The Korean Sport & Olympic Committee (KSOC) posthumously honored Kim as its “Sports Hero” for 2021 in a ceremony held at Olympic Park in Seoul.
Bang Young-eun (R), the wife of late South Korean mountaineer Kim Hong-bin, receives a plaque on behalf of her husband during Kim’s South Korean Sports Hall of Fame induction ceremony at Olympic Park in Seoul on Dec. 22, 2021. (Yonhap)
The KSOC had given him the annual honor on Dec. 8, based on online poll results and its own assessment of the candidates’ careers.
Kim edged out three candidates: four-time Olympic archery gold medalist Kim Soo-nyung, the Vietnamese men’s national football head coach Park Hang-seo and the late South Korean men’s football star Yoo Sang-chul.
Kim Hong-bin, who had lost all of his fingers to frostbite three decades ago, reached the top of the 8,047-meter-high Broad Peak located in the Karakoram Range on the Pakistani-Chinese border in July. He became the first disabled person to scale all 14 of the world’s highest mountains, collectively called eight-thousanders.

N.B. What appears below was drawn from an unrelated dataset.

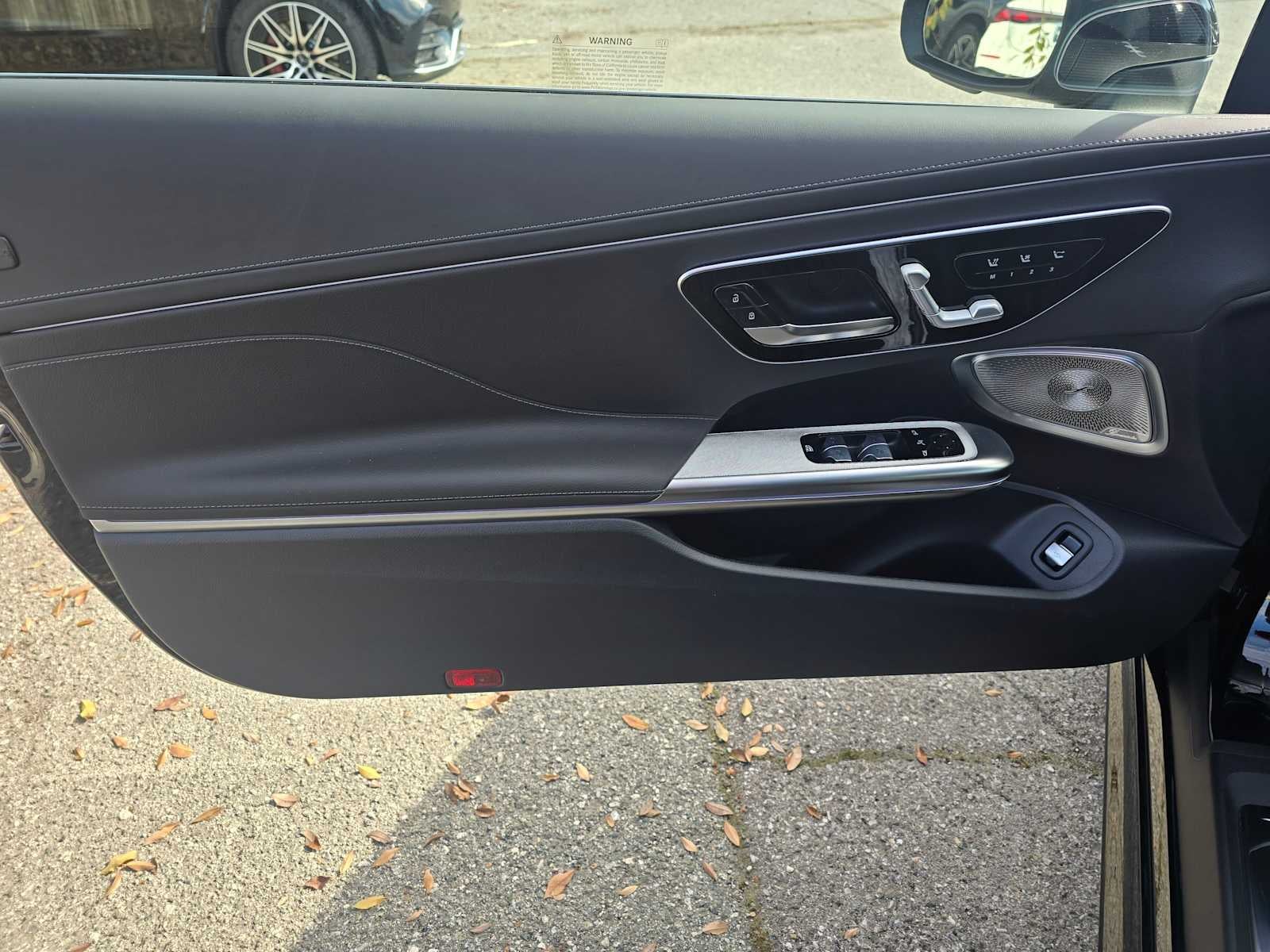 2026 Mercedes-Benz CLE CLE 300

But Kim, then 56, went missing at a location about 7,900 meters above sea level during his descent. Rescuers halted their weeklong search for Kim at the request of his family.
At his funeral in August, Kim was posthumously awarded the Cheongryong Medal, the highest Order of Sport Merit.
The KSOC opened its Hall of Fame in 2011 and has so far inducted 14 athletes and administrators. Hall of Famers include 1936 Olympic marathon gold medalist Sohn Kee-chung, the 2010 Olympic figure skating champion Kim Yu-na and football legend Cha Bum-kun.